14974 Počátky

Discovery
- Discovered by: M. Tichý
- Discovery site: Kleť Obs.
- Discovery date: 22 September 1997

Designations
- Named after: Počátky (Czech town)
- Alternative designations: 1997 SK_{1} · 1991 FF_{2}
- Minor planet category: main-belt · (middle) background

Orbital characteristics
- Epoch 4 September 2017 (JD 2458000.5)
- Uncertainty parameter 0
- Observation arc: 26.13 yr (9,543 days)
- Aphelion: 2.8575 AU
- Perihelion: 2.4047 AU
- Semi-major axis: 2.6311 AU
- Eccentricity: 0.0860
- Orbital period (sidereal): 4.27 yr (1,559 days)
- Mean anomaly: 100.11°
- Mean motion: 0° 13^{m} 51.24^{s} / day
- Inclination: 3.8704°
- Longitude of ascending node: 338.42°
- Argument of perihelion: 158.25°

Physical characteristics
- Dimensions: 4.040±0.831 km 4.88 km (calculated)
- Synodic rotation period: 21.7079±0.0320 h 21.7277±0.0320 h
- Geometric albedo: 0.10 (assumed) 0.226±0.100
- Spectral type: S
- Absolute magnitude (H): 14.2 · 14.225±0.009 (R) · 14.226±0.005 (R) · 14.43±0.19 · 14.67

= 14974 Počátky =

Main-belt asteroid

14974 Počátky, provisional designation , is a stony background asteroid from the middle region of the asteroid belt, approximately 4 kilometers in diameter. It was discovered by Czech astronomer Miloš Tichý at Kleť Observatory in the Czech Republic on 22 September 1997, and named for the Czech town Počátky.

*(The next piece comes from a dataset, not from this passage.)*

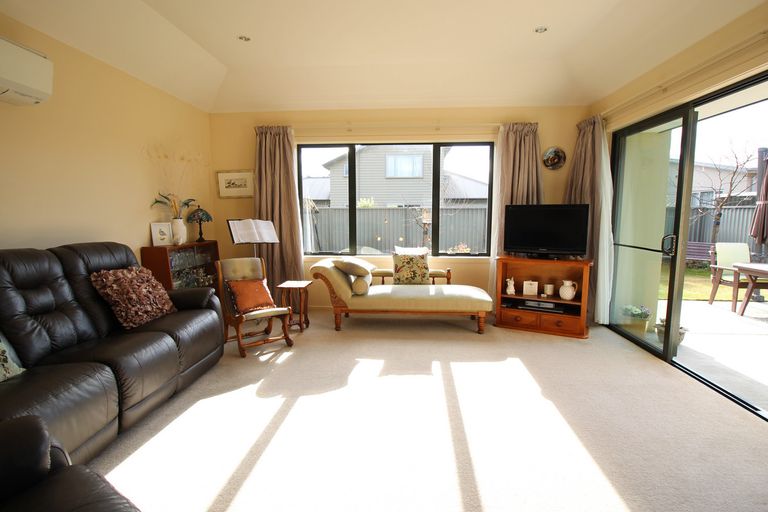 Photo of property in 22 Henderson Drive, Alexandra, 9320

== Classification and orbit ==

Počátky is a stony S-type asteroid, that orbits the Sun in the middle main-belt at a distance of 2.4–2.9 AU once every 4 years and 3 months (1,559 days). Its orbit has an eccentricity of 0.09 and an inclination of 4° with respect to the ecliptic. A first precovery was taken at ESO's La Silla Observatory in 1991, extending the asteroid's observation arc by 6 years prior to its discovery.

== Physical characteristics ==

Two rotational lightcurves for this asteroid were obtained from photometric observations made at the U.S Palomar Transient Factory, California, in August 2010 and February 2012. The lightcurves gave a rotation period of 21.7277±0.0320 and 21.7079±0.0320 hours with a brightness amplitude of 0.57 and 0.68 in magnitude, respectively (U=2/2).

According to the survey carried out by the NEOWISE mission of NASA's space-based Wide-field Infrared Survey Explorer, Počátky measures 4.0 kilometers in diameter and its surface has an albedo of 0.23, while the Collaborative Asteroid Lightcurve Link (CALL) assumes an untypically low albedo for stony asteroids of 0.10, and thus calculates a larger diameter of 4.9 kilometers.

== Naming ==

This minor planet was named after the south Bohemian town of Počátky, Czech Republic. It is the birthplace of the discoverer Miloš Tichý. The approved naming citation was published by the Minor Planet Center on 11 November 2000 (M.P.C. 41572).